In a show that lasted eight seasons and almost 200 episodes, it was easy for fans of Full House to feel like they were a part of the Tanner family. Before we delve into the article, let's set the mood with a memorable tune...
Recently, in a thread about major movie and TV plot holes, Redditor Chrispar brought up the Tanner family and their tight living situation. Despite my avid viewership of Full House in my younger days, this was still something I never quite noticed.
Although their house was fairly large - especially for San Francisco property - the name Full House was probably the most appropriate title in TV history.
I mean, at one point around 9 people were living there: Danny, Jesse, Joey, DJ, Stephanie, Michelle, Rebecca, Nicky and Alex, and that's not even counting the seemingly ever-present Kimmy and Steve!
Whoa, baby, indeed.
To remedy this sardine-esque situation, Jesse eventually decided to build an apartment and move up to the attic permanently with Rebecca after they got married in the fourth season of the show.
Finally more room for Jesse and Rebecca and lots of space for the twins they would later have, everything seems all well and good, right? Wrong! Because there was never an attic in the Tanner's house. *dun, dun, duuuun*
From the outside we can clearly see a flat roof on the Tanner house...
Looks pretty flat to me.
But on the inside you'll notice here that there's a distinctly slanted ceiling...
Something is amiss!
The evidence is beginning to stack up...
More importantly, how the heck did they get that piano behind them upstairs? Maybe Ross taught them how to *PIVOT*
Even today, notice the presence of one Danny Tanner, but the definite lack of attic space...
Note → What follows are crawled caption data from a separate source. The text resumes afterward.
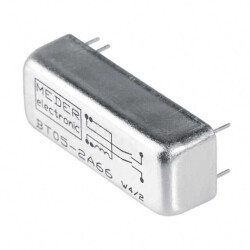 Reed Relay DPST-NO (2 Form A) 5VDC Coil Through Hole - Standex-Meder Electronics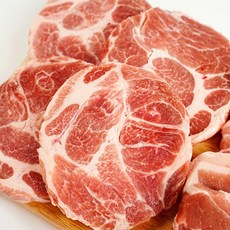 [KT알파쇼핑][맛춤상회] 세계3대 진미 듀록 목살 1kg, 1개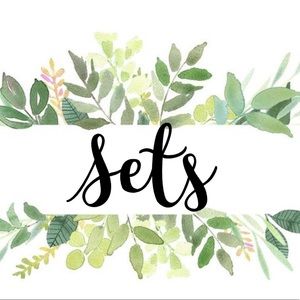🤍SETS🤍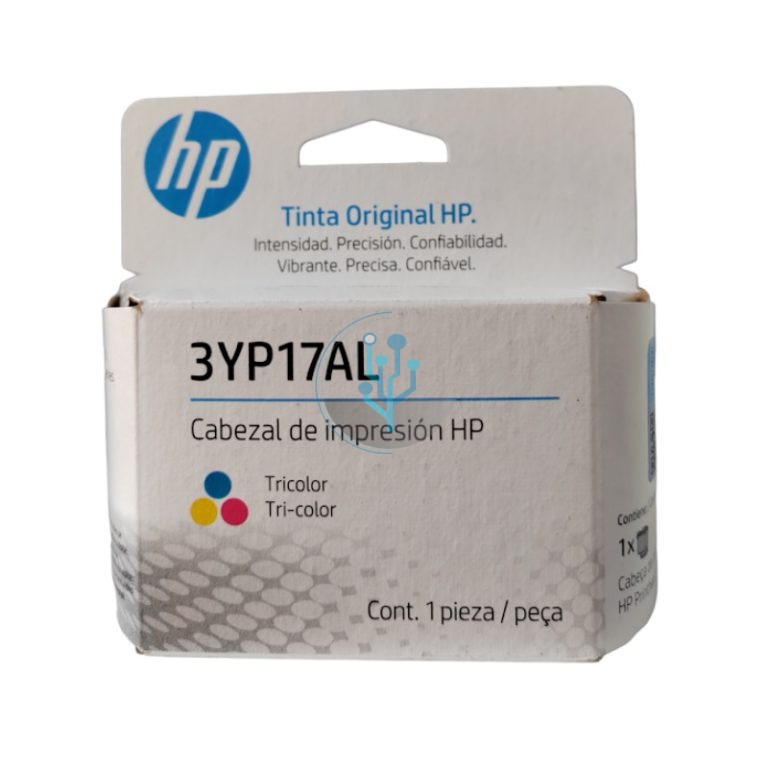 Cabezal HP 3YP17AL Tricolor 500, 600, 700, 6000 series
He looks rather unimpressed.
Did Uncle Jesse come back again just to investigate this situation?
Eh, probably not.
While it could be easy to turn this into one of my favorite "maybe the character was dead the whole time" theories, or say that the Tanners were actually a magical family and they were able to charm the attic à la Perkins's tent in Harry Potter and the Goblet of Fire, I'll abstain and chalk it up to some shoddy planning and leave it at an interesting plot hole.
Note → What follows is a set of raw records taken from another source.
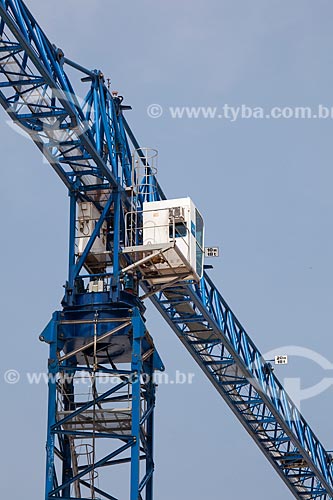  Subject: Reform Journalist Mario Filho Stadium - also known as Maracana - reparations for hoisting cables that will support the roof of the stadium / Place: Maracana neighborhood - Rio de Janeiro city - Rio de Janeiro (RJ) - Brazil / Date: 12/2012 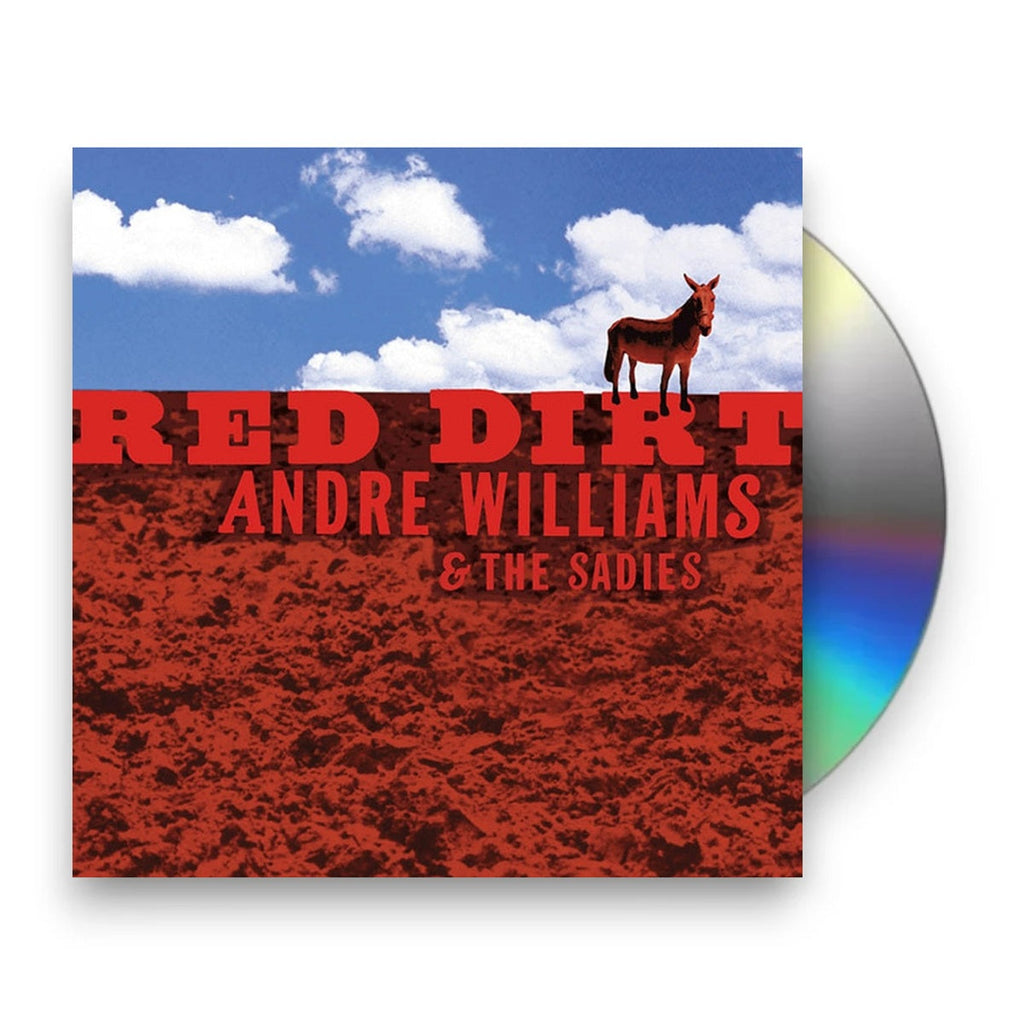 Andre Williams – Red Dirt Music CD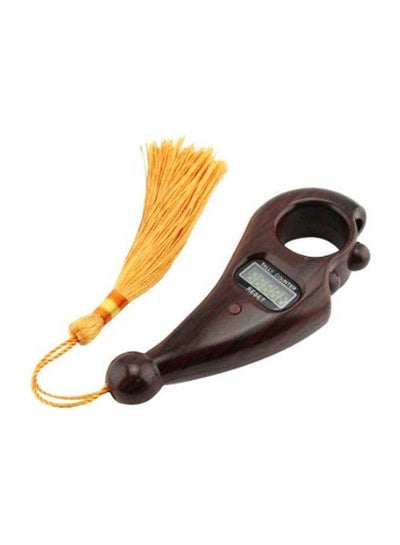 Buy Digital Tasbih Talley Counter Brown in Saudi Arabia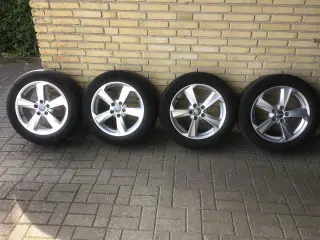 Audi Alufælge med dæk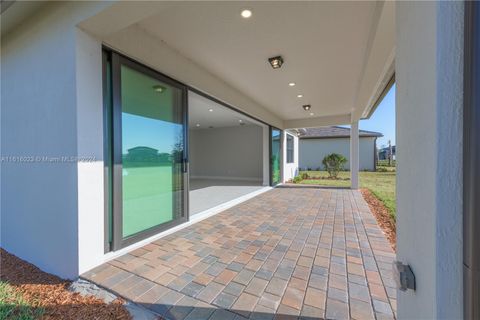 A home in Port St. Lucie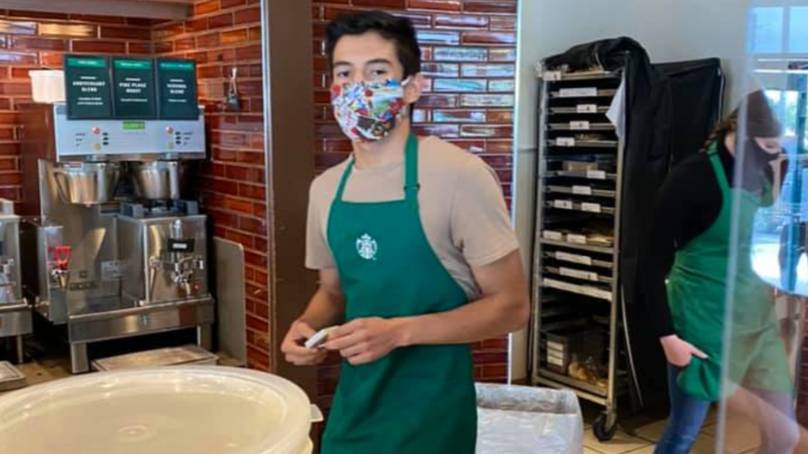 Woman Who Yelled At Starbucks Barista For Wearing Mask Wants Some Of His $100,000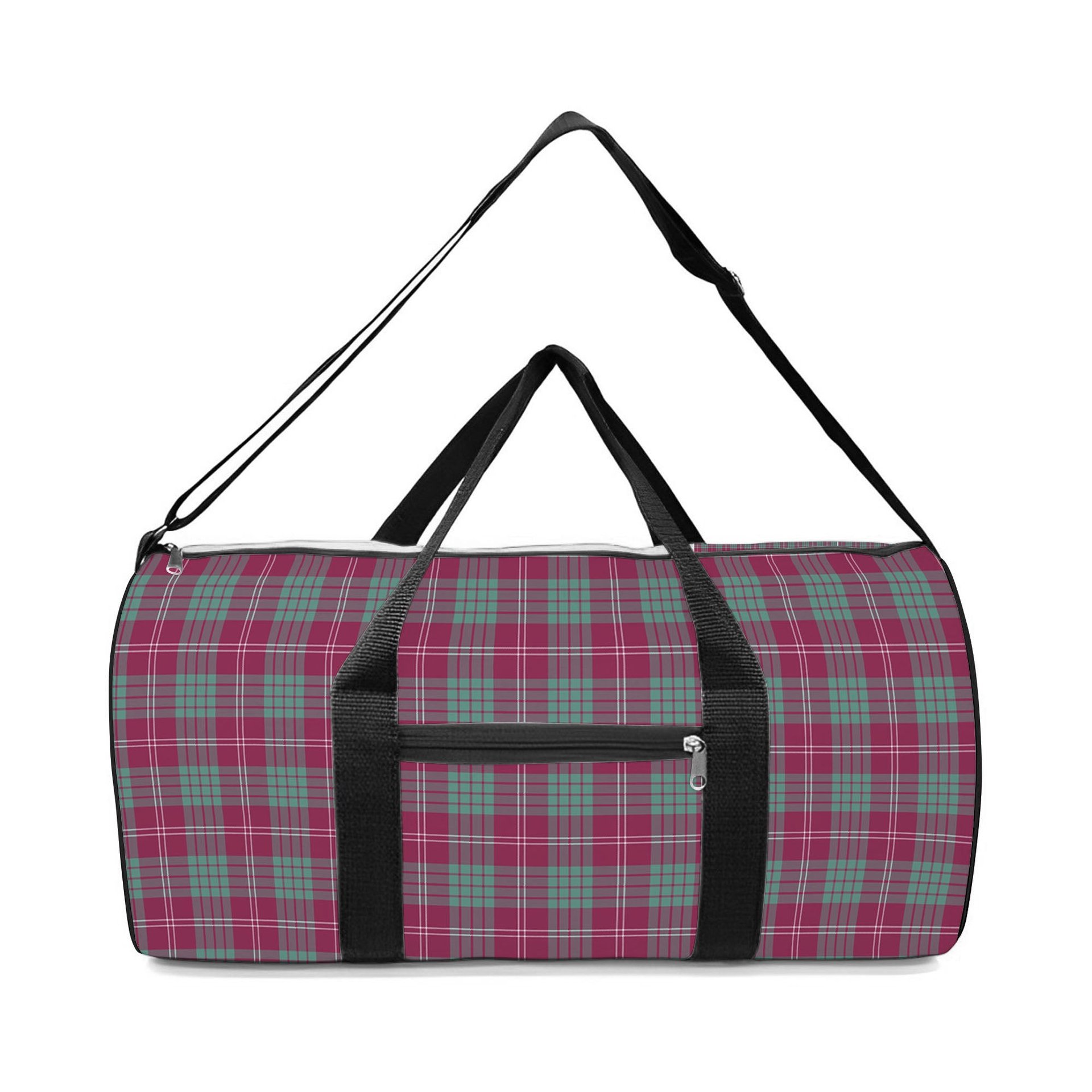 ScotsTee Shop Scottish Crawford Ancient Crest Tartan Travel Bags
I mean, if someone is interested in writing a theory about how maybe the Tanner house is a TARDIS and it's really bigger on the inside...wait, no. I'm getting carried away again.
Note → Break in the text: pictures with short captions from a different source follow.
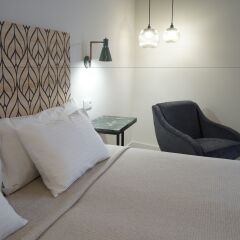 MD Design Hotel Portal del Real 2* Улучшенный номер с различными типами кроватей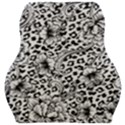 Vector-eclectic-fabric-seamless-pattern-animal-background-with-baroque-ornament Car Seat Velour Cushion  View1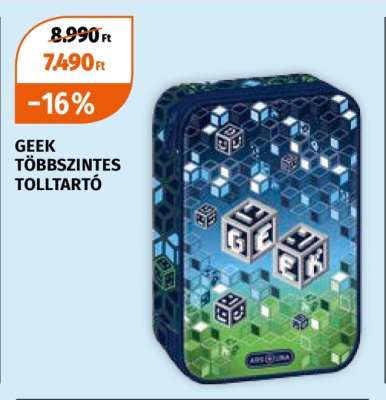 GEEK TÖBBSZINTES TOLLTARTÓ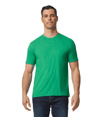 Tri-Blend Adult T-Shirt HEATHER GREEN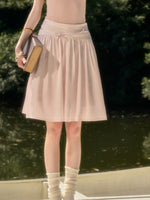 Floral Satin Skirt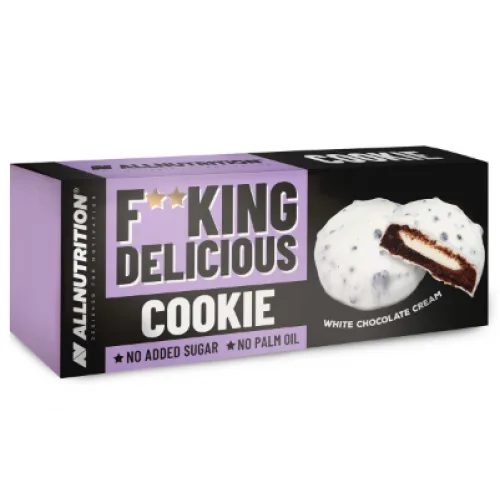 Fitking Delicious cookie - 128 г крем з білого шоколаду
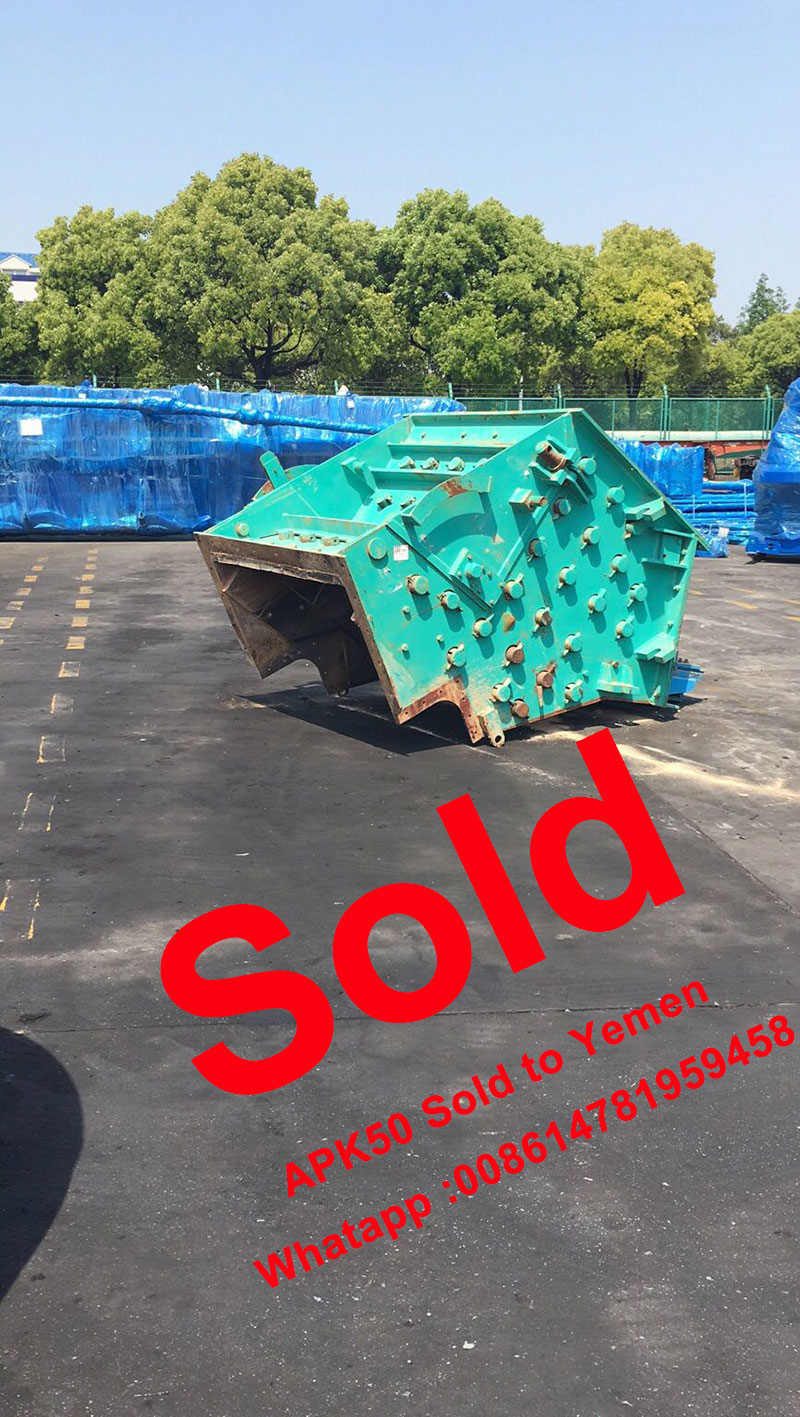 HAZEMAG APK50 ПРОДАН В ЙЕМЕН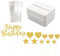 Cake Money Box Silver Pulling Cake Reusable Money Box Birthday Cake Decorations and Transparent Bags for Birthday Party Cake Decorations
Of course, it's none of those things and the explanation is much more simple. At the beginning when the showrunners decided to use the Tanner house that we all know and love, they likely weren't thinking much about the logistics and the studio sets they would want to build four seasons in. And thus, the disappearing attic was born!
One quick note, It's a fairly common misconception that the Tanner family lived in one of San Francisco's famous of Painted Ladies, a series of Victorian houses, across from Alamo Square park.
Even though audiences will recognize the houses from the intro, and it would make a pretty nice explanation to Uncle Jesse's mystery apartment, it's sadly not the case. The house that they used for exterior shots still exists today on Broderick St.
In the end, this is just a TV show and shouldn't be taken too seriously. Heck, it's not totally uncommon in television for the outside to not match the layout of the set (Brady Bunch, anyone?). But now that Chrispar pointed it out, I don't think I'll be able to look at Uncle Jesse's living situation without taking notice.